To do:
Repeat word for word the lines from the one containing "Vintage Porcelain Doll" to the end of the material below, and leave all pictures out.

═══ Record extracts

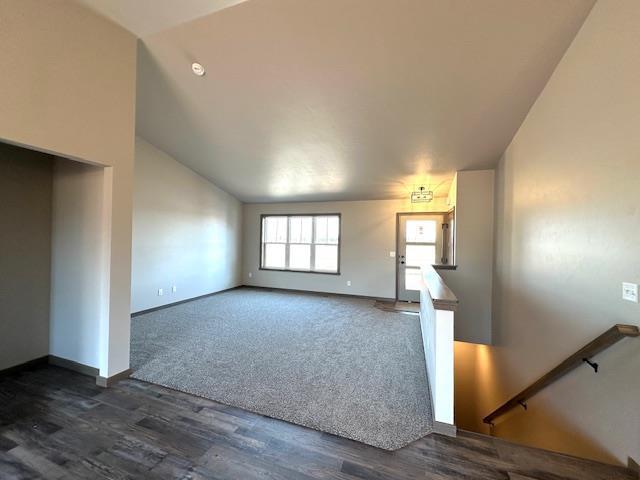 unfurnished living room with dark wood-style floors, baseboards, and vaulted ceiling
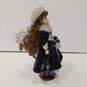 Vintage Porcelain Doll w/Clothing and Stand image number 5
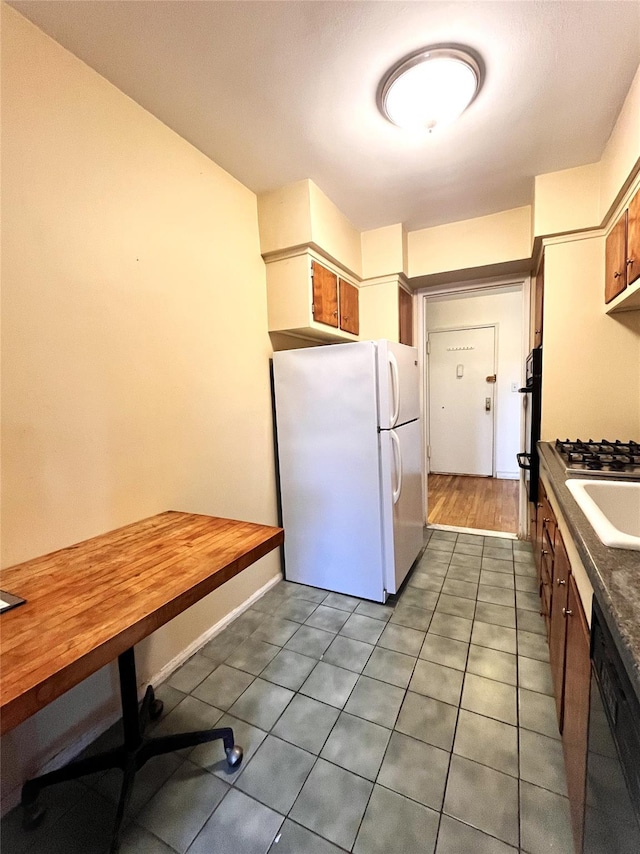 kitchen with sink, black dishwasher, white refrigerator, and double oven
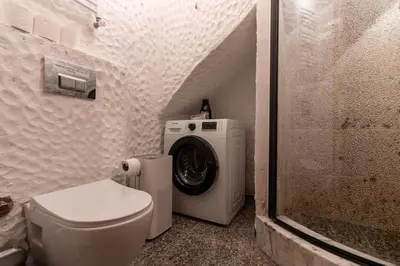 a bathroom with a toilet and a washing machine at Authentic 1BR w Private Patio in Hype Cihangir in Istanbul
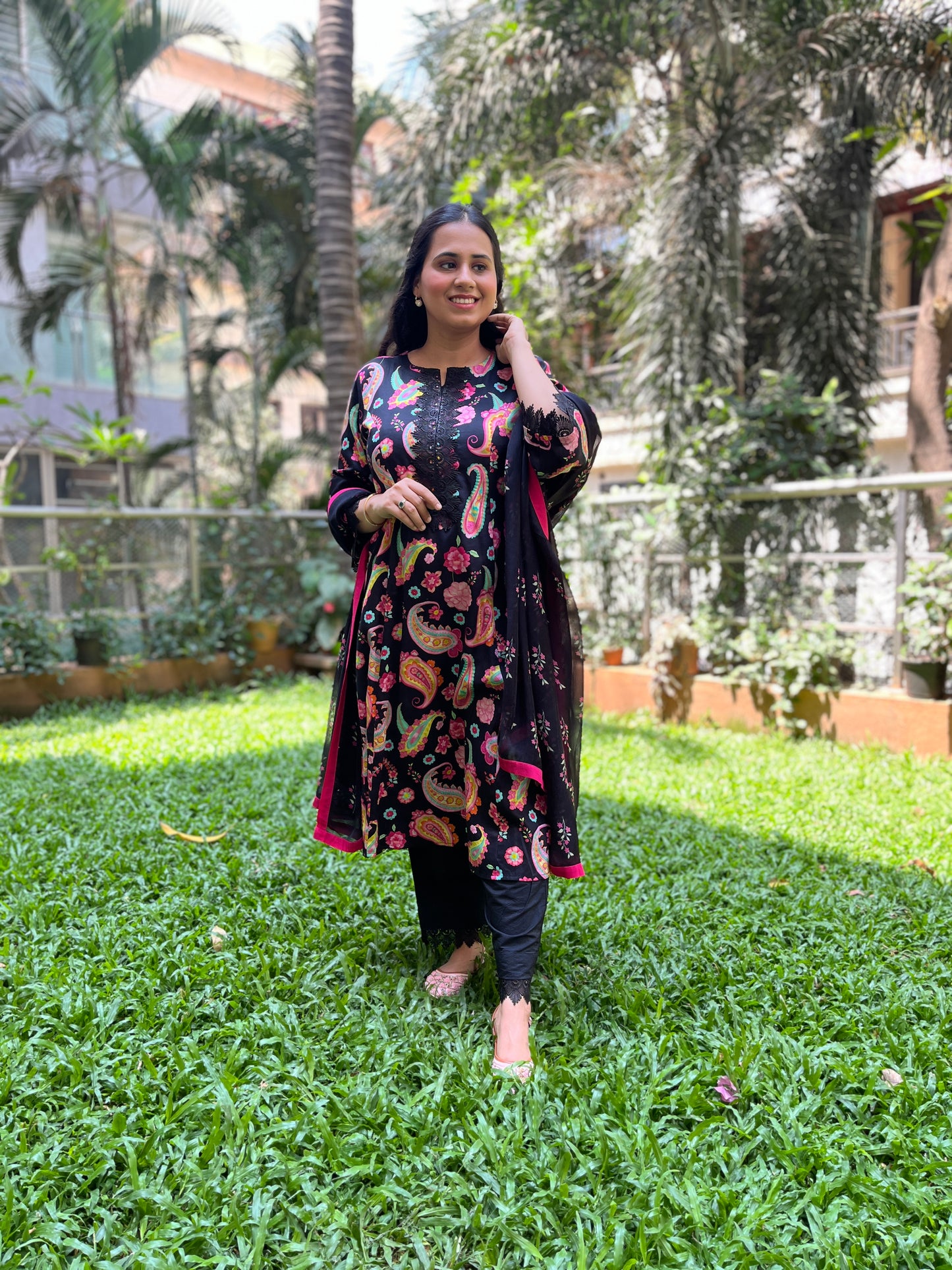 Black paisley printed kurta with a floral printed organza dupatta and pyjama pants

══════

Output of the exercise:
 Vintage Porcelain Doll w/Clothing and Stand image number 5
 kitchen with sink, black dishwasher, white refrigerator, and double oven
 a bathroom with a toilet and a washing machine at Authentic 1BR w Private Patio in Hype Cihangir in Istanbul
 Black paisley printed kurta with a floral printed organza dupatta and pyjama pants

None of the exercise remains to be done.